Nuestra primera reacción ante ello, el primer movimiento de nuestro espíritu, aparte de una indignación profunda, de un dolor tremendo por las muertes que se van a infligir y que se van a suceder de esta ley, es el orar a Dios por nosotros, por nuestro pueblo, por nuestra conversión. No se puede esperar que un pueblo pagano haga surgir unos gobernantes que hagan leyes cristianas. Es una ingenuidad profunda y hemos dejado paganizarse a nuestra sociedad, y no la ha paganizado ningún agente exterior. Nos hemos dejado paganizar nosotros. Cuando se da culto al dinero, cuando se da culto al poder, es inevitable que la vida humana pierda valor. No es un fenómeno reciente. La Segunda Guerra Mundial terminó con un par de bombas que dejaron morir a cientos de miles de personas y dejaron heridos para toda la vida a otros cientos de miles, aparte de destruir el alma de un pueblo entero, de uno de los pueblos, en cierto sentido, más nobles que han existido en la Historia –en cierto sentido. Lo que quiero decir es que no tenemos que escandalizarnos, rasgarnos las vestiduras y pensar que ya con eso hemos hecho todo lo que teníamos que hacer o quejarnos de nuestros gobernantes.
No se le puede pedir a una sociedad que no es cristiana que produzca unas leyes cristianas. ¿Qué significa eso? Significa que, ante todo, la verdadera tarea –ya nos lo dijo san Juan Pablo II hace casi 50 años– es la nueva evangelización. Es, sencillamente, volver a anunciar la verdadera belleza y el gozo del Evangelio, de tal manera que nazca “un pueblo bien dispuesto”. Es lo que le dice el Ángel Gabriel a Zacarías: “Tu hijo va a ir delante del Señor a preparar un pueblo bien dispuesto”. También os doy un consejo: no recurráis, para defender o para criticar la ley, al lenguaje de “los derechos”, en plural. Ese lenguaje es posterior a la Ilustración y es un lenguaje perdedor. Necesariamente perdedor. De hecho, quienes defienden la ley, y quienes defienden otras cosas que han preparado el camino a la ley, siempre han pensado que lo que estaban haciendo era “ampliar derechos”. Por lo tanto, ese lenguaje no es cristiano. La palabra “derechos” en plural no existe en ninguna lengua del mundo y sólo empieza a existir en las lenguas occidentales antes de la Ilustración, antes del siglo XVIII. No es un lenguaje cristiano, porque no sirve de nada hablar de derechos si no hay una conciencia de cuáles son los fines de la vida humana. Y decir que el primer derecho es la vida, no deja de ser una gran mentira, porque nadie hemos recibido la vida porque tuviéramos derecho a ella; la hemos recibido como un regalo, no como un derecho, y podemos vivirla bien si sabemos para qué sirve la vida.
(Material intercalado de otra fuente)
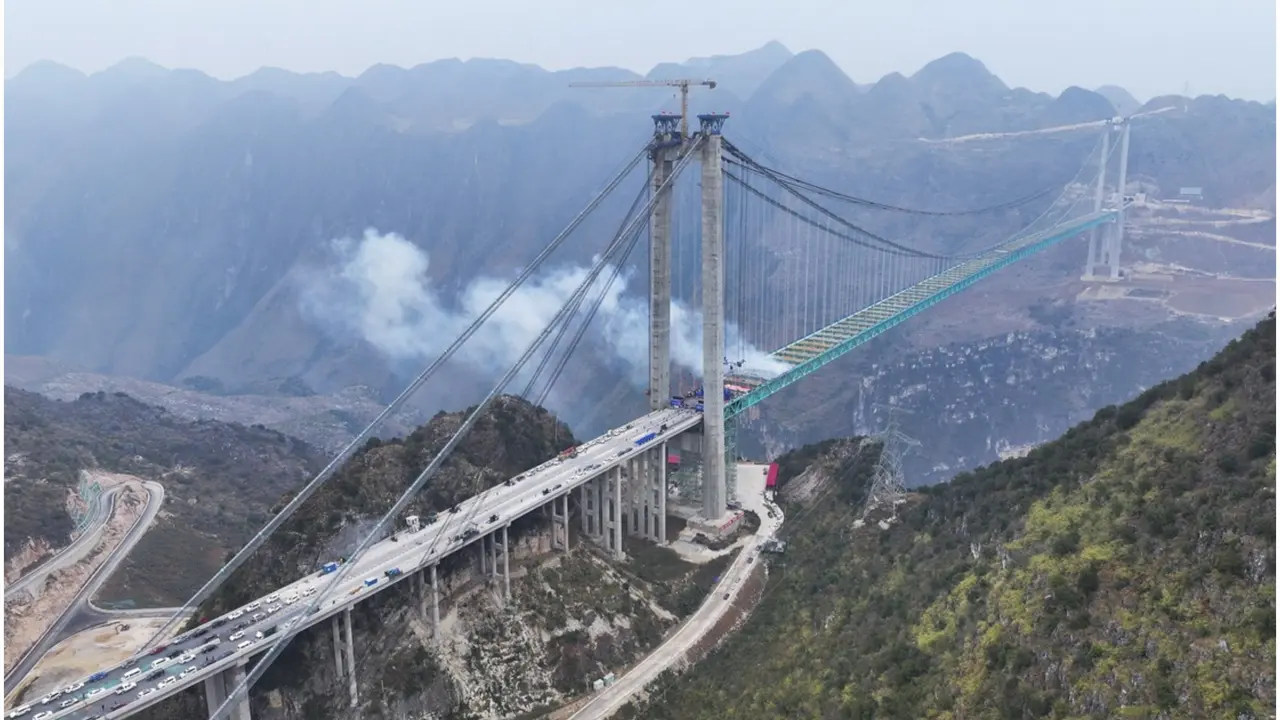 China To Open World’s Highest Bridge In June, Will Cut Time Travel From 1 Hour to 1 Minute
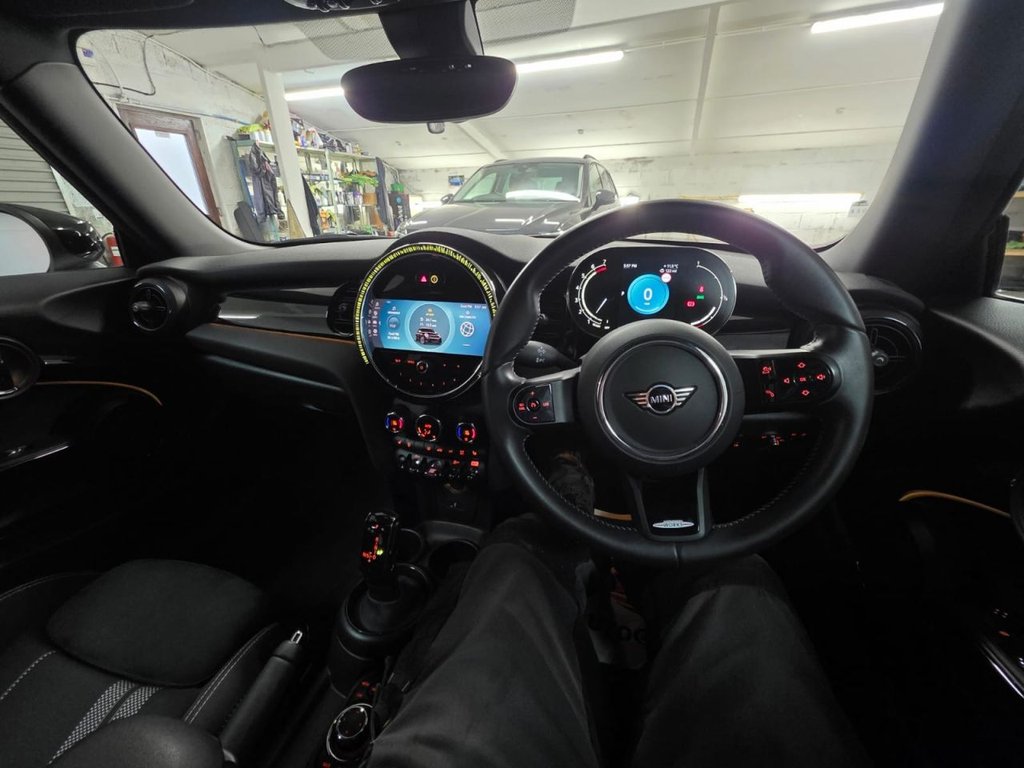 USED 2023 23 MINI HATCH 1.5 Cooper Sport Hatchback 3dr Petrol Steptronic Euro 6 (s/s) (136 ps) SatNav - Parking Sensors!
La Iglesia habla de los fines de la vida, del significado de la vida, que es lo que nos revela la Navidad. Y a la luz de esos fines, surge la conciencia de los deberes que tiene uno para con la vida. Pero el lenguaje de los derechos –repito-, ese lenguaje es como jugar a un juego en un tablero que no es el tuyo. Jugar al ajedrez en el tablero de alguien que no sabe jugar a la ajedrez y tú no sabes jugar al ajedrez. En ese lenguaje somos perdedores siempre. Nosotros decimos que el primero es la vida y otros dicen que el primero es la libertad. ¿Quién zanja esa cuestión? Luego, si el primer derecho fuera la libertad, no sólo la eutanasia, el terrorismo, el asesinato, el hacer una guerra por motivos económicos, el eliminar a una población… San Juan Pablo II, que habló mucho del tema de los derechos, y explicó en qué sentido se puede usar, que no tiene nada que ver con el sentido con que lo usan no sólo los políticos nuestros sino en general las administraciones públicas de los Estados modernos, dijo, en su primera Carta Encíclica algo mucho más importante: “El estupor, el profundo estupor ante la vida humana, se llama Evangelio, se llama también cristianismo”. El amor a toda vida humana y especialmente a la más débil. El poner la vida humana por encima de los intereses económicos, políticos o de otros tipo, que entra en juego muchísimo en la ley de la eutanasia, mucho más de lo que nos creemos, mucho más de lo que pensamos habitualmente, como en todos los conflictos del mundo contemporáneo. Incluso las grandes guerras, como las del Medio Oriente, tienen mucho más que ver con intereses económicos que con la defensa de un grupo de oposición a ‘nosequé’ gobierno y cosas de ese tipo. Todo eso son discursos vacíos, para la propaganda. En el fondo, la verdad grande es la de san Juan Pablo II. El profundo estupor, o sea, el aprecio, el afecto a la vida humana. El afecto a las personas, y especialmente a las más débiles, es un producto cristiano.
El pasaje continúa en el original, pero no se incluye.